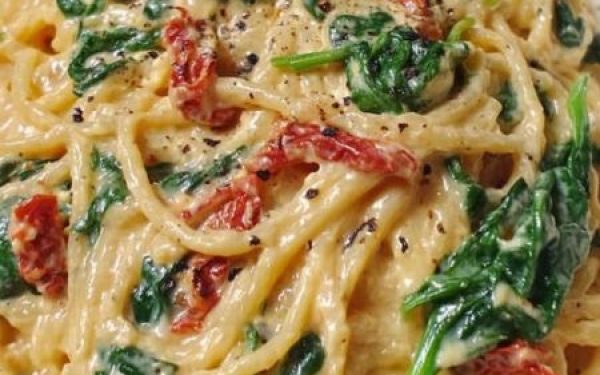 Spaghetti & Spinach with Sun-Dried Tomato Cream Sauce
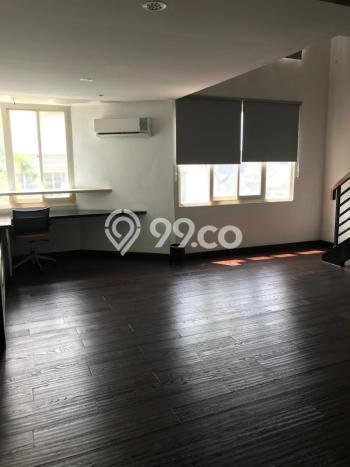 Rumah Elit LB 250m2 Siap Pakai Desain Elegan di Pluit, Jakarta Utara Rumah Elit LB 250m2 Siap Pakai Desain Elegan di Pluit, Jakarta Utara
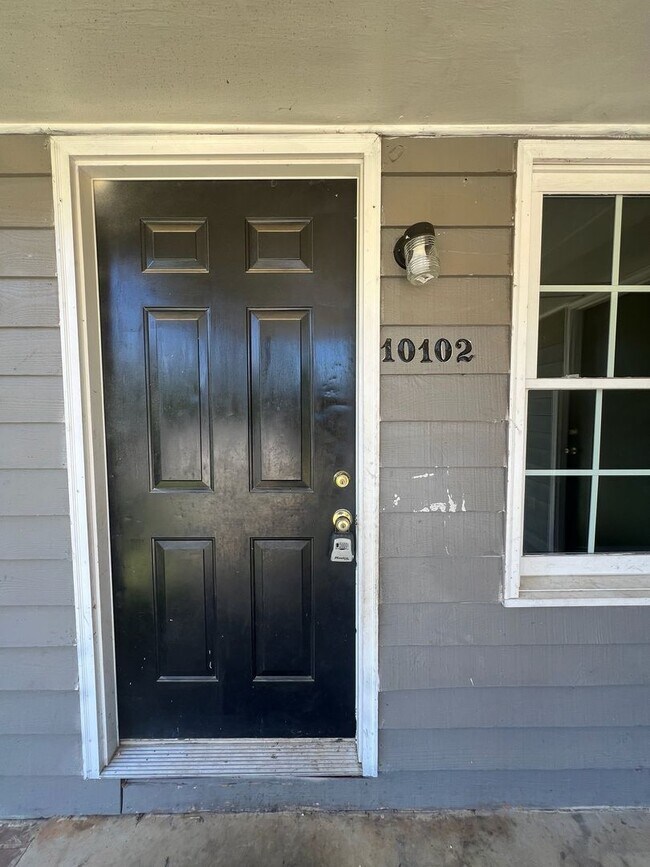 10100 Huntcliff Pl NE, Unit 10102 Huntcliff in Covington, GA - Building Photo - Building Photo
■ ■ ■ ■ ■
:: Exercise instructions ::
Would you copy each line above exactly as given, dropping any images?

:: Exercise solution ::
 Spaghetti & Spinach with Sun-Dried Tomato Cream Sauce
 Rumah Elit LB 250m2 Siap Pakai Desain Elegan di Pluit, Jakarta Utara Rumah Elit LB 250m2 Siap Pakai Desain Elegan di Pluit, Jakarta Utara
 10100 Huntcliff Pl NE, Unit 10102 Huntcliff in Covington, GA - Building Photo - Building Photo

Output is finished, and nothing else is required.